Opener “GOLDEN HOUR” is the flagship track, and notably the only song Muri and Shigge wrote together in the same physical room. That’s not just a behind-the-scenes tidbit to trot out in interviews; you can actually hear it in the chemistry. The groove isn’t merely tight; if anything, it’s conversational. Syncopated beats tap out their own sly asides under warm, soft-focus synth chords, each instrument stepping into the spotlight and then politely stepping back without stepping on anyone’s toes. Muri’s vocals don’t so much command the mix as lounge across it, unhurried and perfectly poised, with the sound of someone who has truly mastered the art of leaning against a wall at exactly the right angle so it looks like second nature. There’s a playful looseness here, as if the whole thing is an in-joke you’re just lucky enough to overhear. They give you the setup, but only half the punchline, which somehow makes it even better. The result is warm, welcoming, and impossible to listen to without your head nodding along, almost before you realise it’s happening.

Midnight Calls” plants one foot firmly in UK garage territory and the other in a smoky after-hours lounge, balancing jittery urgency with a sense of late-night stillness. The beat is a restless shuffle, darting in and out of the mix like something alive, while the bassline hums with the low, electric throb of a streetlamp in drizzle. The textures are all about suggestion; glassy keys that barely crest above the beat, vocal snippets that melt away before you can quite grasp them. Muri’s voice here becomes less the star and more a shadowy co-conspirator, weaving in and out of the instrumental, sometimes stepping forward with clarity, sometimes fading into the edges of the room. It feels like she’s singing with the reverb rather than through it, dissolving into the soundscape until she’s as much part of the atmosphere as the percussion. The song never resolves into a big “moment,” and that’s the point. It’s a mood in motion, the sonic equivalent of wandering the city at 2 a.m., not really going anywhere but enjoying every step.

Then there’s “Bad News”, which is the EP’s “get up and move” moment, but the kind that slips up on you.

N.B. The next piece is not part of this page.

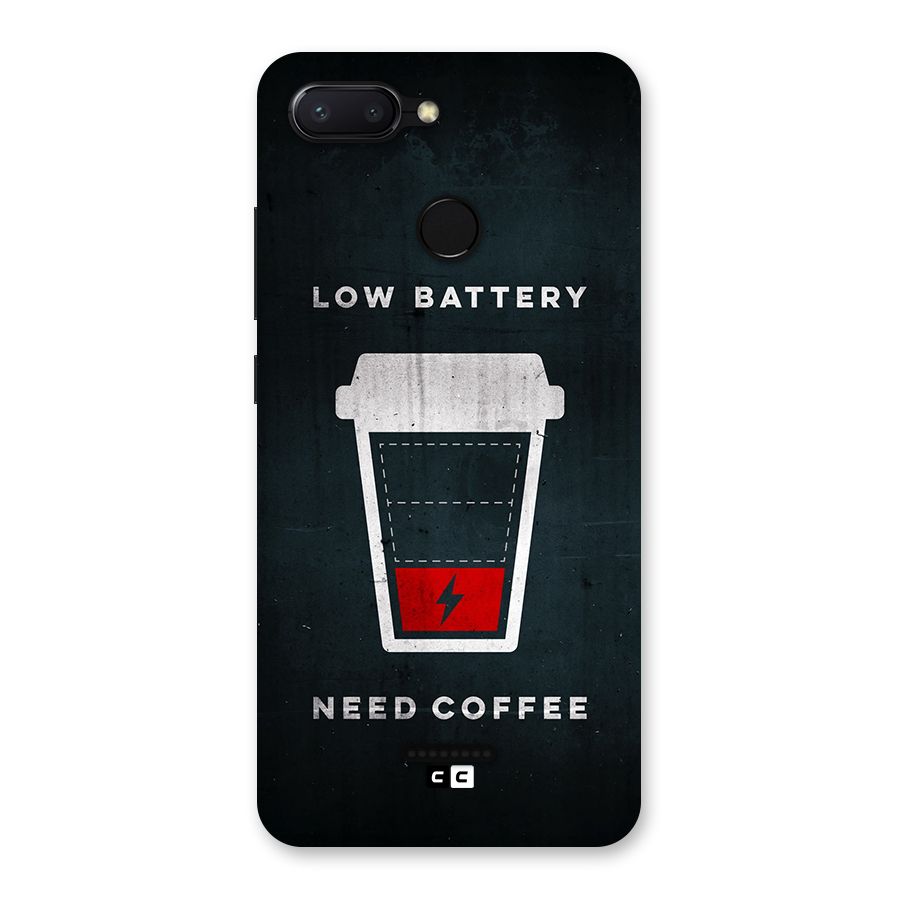 Coffee Need Back Case for Redmi 6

This is the most dancefloor-ready track in the set, but it sidesteps the cheap dopamine hits of a standard club banger. The bassline doesn’t sprint toward a big drop; it strolls. Confidently. Almost smugly. Like it already knows it’s the most interesting person in the room. The percussion breathes, leaving air in the mix, resisting the temptation to pile on unnecessary flourishes. The whole thing radiates a kind of unforced euphoria; the difference between jumping because someone told you to and jumping because you can’t help it. It’s more like the buzz of discovering your favourite barista moonlights as a DJ, and they’re actually good, mixing tracks that make you smile before you even realise you’re moving. It leaves you high without the sugar crash, the kind of track that wraps up while you’re still thinking, “Wait… I want more of that.”

Closer “Sayaw” (Tagalog for “dance”) does exactly what its title promises, but not in the way you might expect. It’s not a frantic rush to the finish; it’s a graceful wind-down, more afterparty than peak-hours. The rhythm is lithe, coiling and uncoiling like it’s swaying to its own private pulse. There’s a looseness to the arrangement, as if it’s been left deliberately unpolished so the edges can breathe. Muri’s delivery is feather-light, skimming the beat without ever weighing it down, the lyrical phrasing looping in a way that feels almost hypnotic. You get the sense that “Sayaw” doesn’t want to end, and when it finally does, it’s not with a crash, but with the sensation of someone slipping out of the room mid-conversation.

At just four tracks, the EP ends before you can get distracted. Which is fine, because you’ll probably hit replay before the silence sets in. It doesn’t try to be a grand artistic statement; it’s a fleeting moment, perfectly caught. It’s a refreshing work of perfection that SETSUNA works this well as either a happy accident or the beginning of something bigger. Either way, I am onboard.